Threshould \(t\) at which probability of becoming a candidate is \(\frac{1}{2}\). Treat \(t\) as function of \(b\) and \(r\): \(\frac{1}{2} = 1 - (1 - t^r)^b\) - thus approximation is \(\frac{1}{b}^\frac{1}{r}\)

- fix \(k\) and construct for each document its set of \(k\)-shingles
- sort document-shingle pairs by shingle
- Fix \(n\) for the minhash signatures and compute them
- Fix the number of bands \(b\) and the number of rows \(r\) such that \(br = n\) and the threshold \(t = \frac{1}{b}^\frac{1}{r}\)
- find candidate pairs
- check whether threshould is passed indeed
- optinally, check the candidate documents whether they are truly similar as expected

Build inverted index, to discover candidates compute prefixes in set of length

\(|u| - ceil(t \cdot |u|) + 1\)

where \(t\) is Jaccard Similarity threshold. Only compare when prefix elements are candidates in other prefixes. Note: this can miss similar records.

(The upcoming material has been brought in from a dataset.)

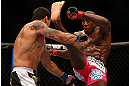 NEWARK, NJ - APRIL 27:   (R-L) Phil Davis kicks Vinny Magalhaes in their light heavyweight fight during the UFC 159 event at the Prudential Center on April 27, 2013 in Newark, New Jersey.  (Photo by Josh Hedges/Zuffa LLC/Zuffa LLC via Getty Images)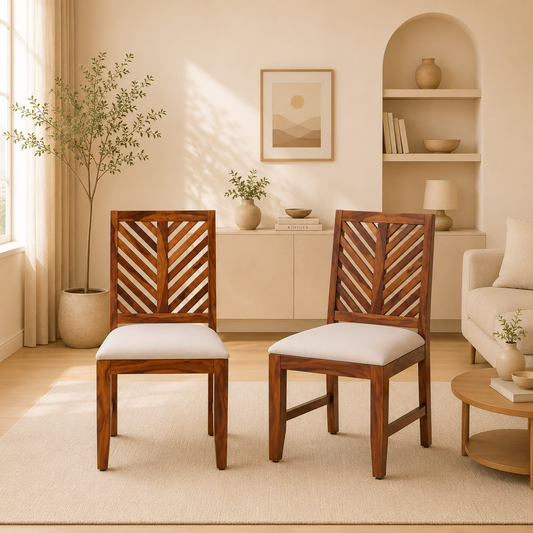 Two wooden chairs with white cushions in a bright living room.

- each feature (word, shingle) of a document is assigned as dimension
- number of occurrences is the value in respective dimension

A *distance measure* is a function \(d(x, y)\) that takes two vectors \(x, y\) and produces a real number satisfying these axioms:

- \(d(x, y) \geq 0\)
- \(d(x, y) = 0\) iff \(x = y\)
- \(d(x, y) = d(y, x)\)
- \(d(x, y) \leq d(x, z) + d(z, y)\)

Jaccard: \(d(x, y) = 1 - SIM(x, y)\) Hamming: \(d([x_1, ..., x_n], [y_1, ..., y_n]) = |\{i \in \{1, ...,n\} | x_i \neq y_i\}|\) Euclidean Distance: \(d([x_1, ..., x_n], [y_1, ..., y_n]) = \sqrt{\sum^n_{i=1}(x_i - y_i)^2}\) Manhattan: \(d([x_1, ..., x_n], [y_1, ..., y_n]) = \sum^n_{i=1} | x_i - y_i |\) Cosine similarity: \(sim([x_1, ..., x_n], [y_1, ..., y_n]) = \frac{\vec{x} \cdot \vec{y}}{||\vec{x}|| \cdot || \vec{y} ||}\) Cosine distance: \(d(\vec{x}, \vec{y}) = 1 - sim(\vec{x}, \vec{y})\)

Given:

- information about users: ID, ratings, preferences, demographics, …
- information about products: ID, title, genre, directory, …

We would like to compute a ranking based on which relevant interesting items can be recommended.

Differente types of RS are:

- collaborative: based on previous decisions of other users
- content-based: based on user’s previous decisions
- social: based on trust relations, friendships, …
- knowledge-based: based on user’s needs
- hybrid: combinations of various mechanisms

Typically sparse matrix with users \(U = \{u_1, ..., u_n\}\) and products \(P = \{p_1, ..., p_m\}\) \(R\) containing ratings. Goals is to find \(pred(a, p)\) where \(a\) is an active user of \(U\) for all non rated items \(p\) that maximizes \(a\)’s utility.

Assumptions: If users had similar taste in past, they will have similar taste in the future and preferences remain stable and consistent over time.

Rating \(r(a, q)\) of some item \(q\) for active user \(a\) is predicated based on ratings \(r(u, p)\) assigned to item \(p\) by other users \(u \in U\).

Predict similarity of item by finding similar users to the active user.

Let \(P_{xy}\) be a set of all items co-rated by both users \(x\) and \(y\):

\(P_{xy} = \{p \in P | r_{x, p} \neq \emptyset, r_{y, p} \neq \emptyset\}\)

Compute similarity using Cosine similarity or Pearson correlation. Cosine similarity is invariant to the length of vectors, Person is invariant to separate changes of location and scale of the variables, i.e. linear transformations \(a + bx\) where \(a, b\) constants with \(b \neq 0\). Take nearest neighbors and use them to compute rating, either using average or weighting the average with similarity factors and normalisation.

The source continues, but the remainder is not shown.